Precalculus(NEED HELP ASAP PLEASE!!)
posted by jh .
cot(theta)= 3
pi < theta < 3pi/2
Find:
sin(theta)= 1 ?
cos(theta)= 3 ?
tan(theta)= 1/3 ?
sec(theta)= 1/3 ?
csc(theta)= 1 ?
That's what I came up with, but they are not correct, PLEASE help me where I went wrong!!

Precalculus(NEED HELP ASAP PLEASE!!) 
bobpursley
tan theta= 1/3 which means sintheta 1/sqr10
draw the triangle Notice it is in the third quadrant, where cosine is negative. 
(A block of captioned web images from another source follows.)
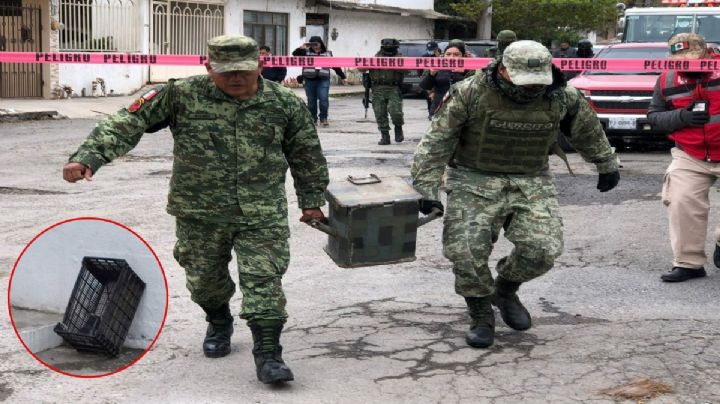 Hallan bomba casera dentro de botes de basura en Tamaulipas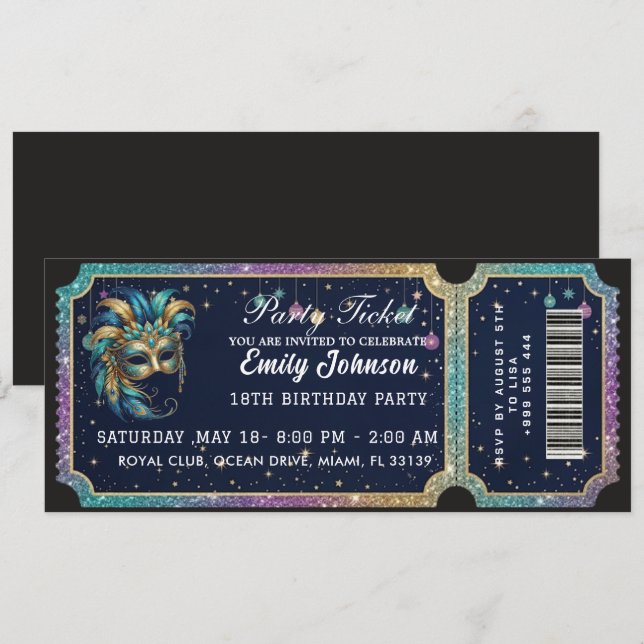 Invitation d'anniversaire billet de fête en or (Devant / Derrière)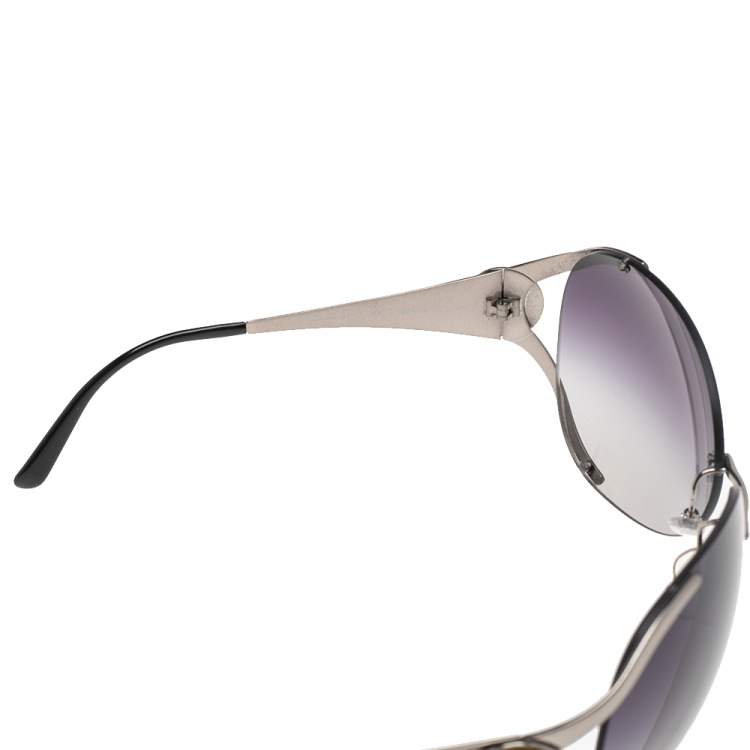 Pre Owned Versace Gunmetal/Blue Gradient 2107 Oversized Sunglasses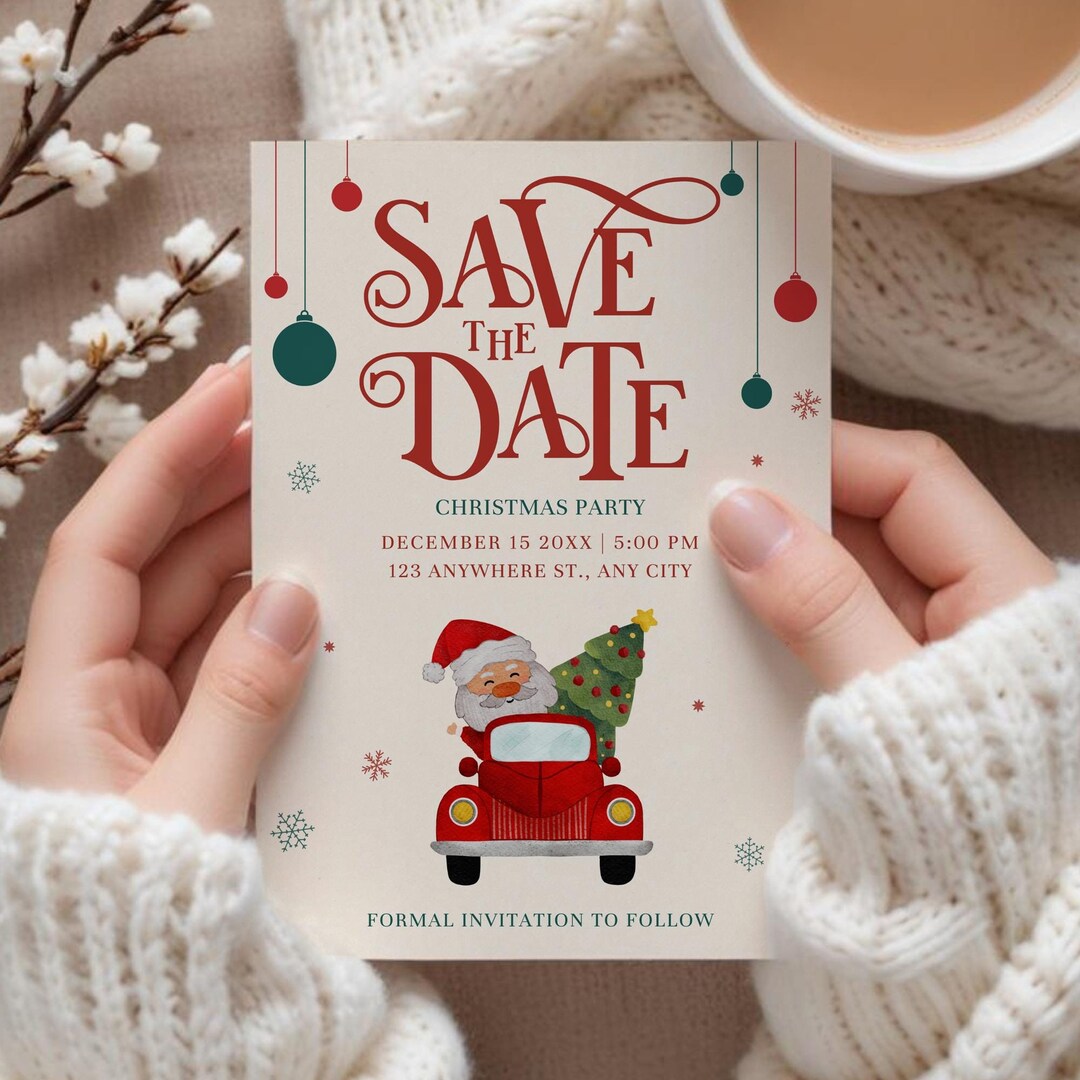 Editable Santa Claus Christmas Save The Date Invitation PDF Etsy Editable Santa Claus Christmas Save The Date Invitation PDF Etsy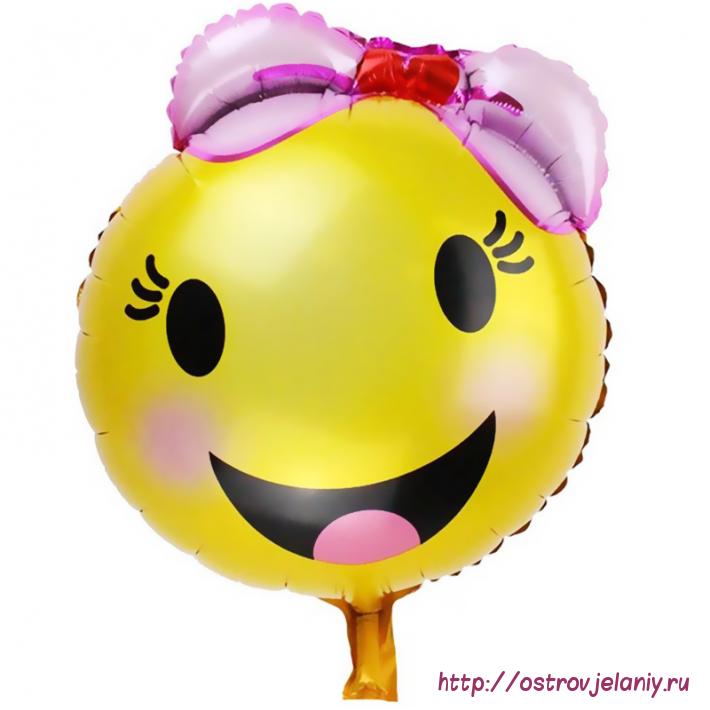 Воздушный шар с клапаном (13&#039;&#039;/33 см) Мини-фигура, Смайл с бантом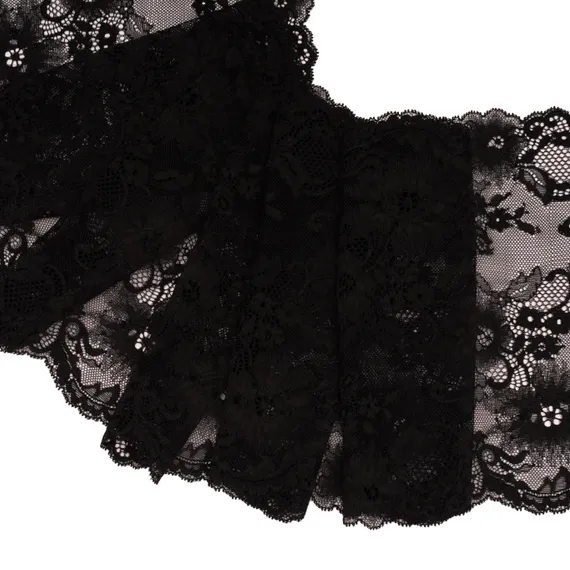 Кружево эластичное черное 20 см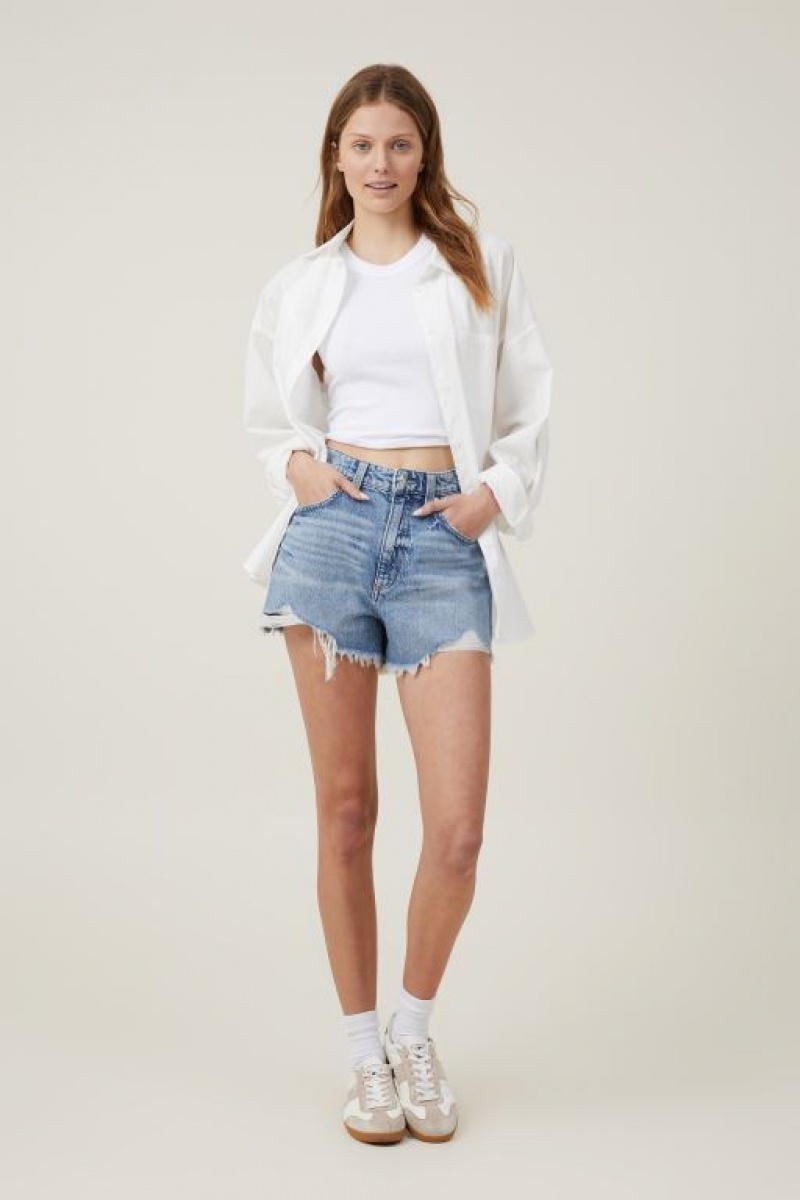 Short Cotton On High Mom Denim Mujer Azules | 5x7K3Nn3JPO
Precalculus(NEED HELP ASAP PLEASE!!) 
Damon
You do not seem to have calculated the hypotenuse which you need for sin and cos and sec and csc
sqrt (1^2+3^2) = sqrt 10 
Precalculus(NEED HELP ASAP PLEASE!!) 
jh
So,
tan(theta)=sin(theta)/cos(theta)
cos(theta)=sin(theta)/tan(theta)
=(1/sqrt(10))/(1/3)
= 3/sqrt(10) ??
But its incorrect!! What am I doing wrong? 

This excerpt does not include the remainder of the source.